Metadata-Version: 2.4
Name: secfetcher
Version: 0.1.1
Summary: Download SEC EDGAR filings by quarter/year via master index.
Author: secfetch contributors
License: MIT
Requires-Python: >=3.10
Description-Content-Type: text/markdown
License-File: LICENSE
Requires-Dist: httpx>=0.27
Provides-Extra: test
Requires-Dist: pytest>=8; extra == "test"
Dynamic: license-file

# secfetcher

git Download SEC EDGAR filings by **quarter** or **year** using the official SEC **master index** as the
source of truth. `secfetcher` downloads each filing’s EDGAR folder and saves only the file types you
request.

- **PyPI package name**: `secfetcher`
- **Python module / CLI name**: `secfetch` (also importable as `secfetcher`)

## Install

```bash
pip install secfetcher
```

If your system Python is “externally managed” (PEP 668), install into a virtual environment:

```bash
python -m venv .venv
. .venv/bin/activate
pip install secfetcher
```

## Required: SEC User-Agent

The SEC requires a descriptive User-Agent string with contact information.

Set it via environment variable:

```bash
export SEC_USER_AGENT="Your Name or Company contact@example.com"
```

You can also pass a user-agent explicitly in code (if the API you call supports it).
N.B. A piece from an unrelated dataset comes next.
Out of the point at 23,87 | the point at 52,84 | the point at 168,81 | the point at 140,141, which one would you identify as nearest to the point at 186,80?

## Quickstart (Python API)

### Download one quarter

```python
from secfetcher import download_quarter

download_quarter(
    year=2024,
    quarter=3,
    forms=["10-Q", "10-K"],
    data_dir="data",
    file_types=[".xml", ".htm", ".html", ".pdf"],
)
```

### Download a full year (all quarters)

```python
from secfetcher import download_year

download_year(
    year=2024,
    forms=["8-K"],
    data_dir="data",
    file_types=[".htm", ".html"],
)
```

## CLI

```bash
secfetch quarter --year 2024 --quarter 3 --forms 10-Q 10-K --data-dir data --file-types .xml .htm .html .pdf
secfetch year --year 2024 --forms 8-K --data-dir data --file-types .htm .html
```

Module form also works:

```bash
python -m secfetch --help
```

## Form type allowlist (strict)

`secfetch` only accepts SEC form types listed in:

- `data/config/form_types.json` (auto-created on first run), sourced from
- `src/secfetch/resources/form_types.json` (packaged default)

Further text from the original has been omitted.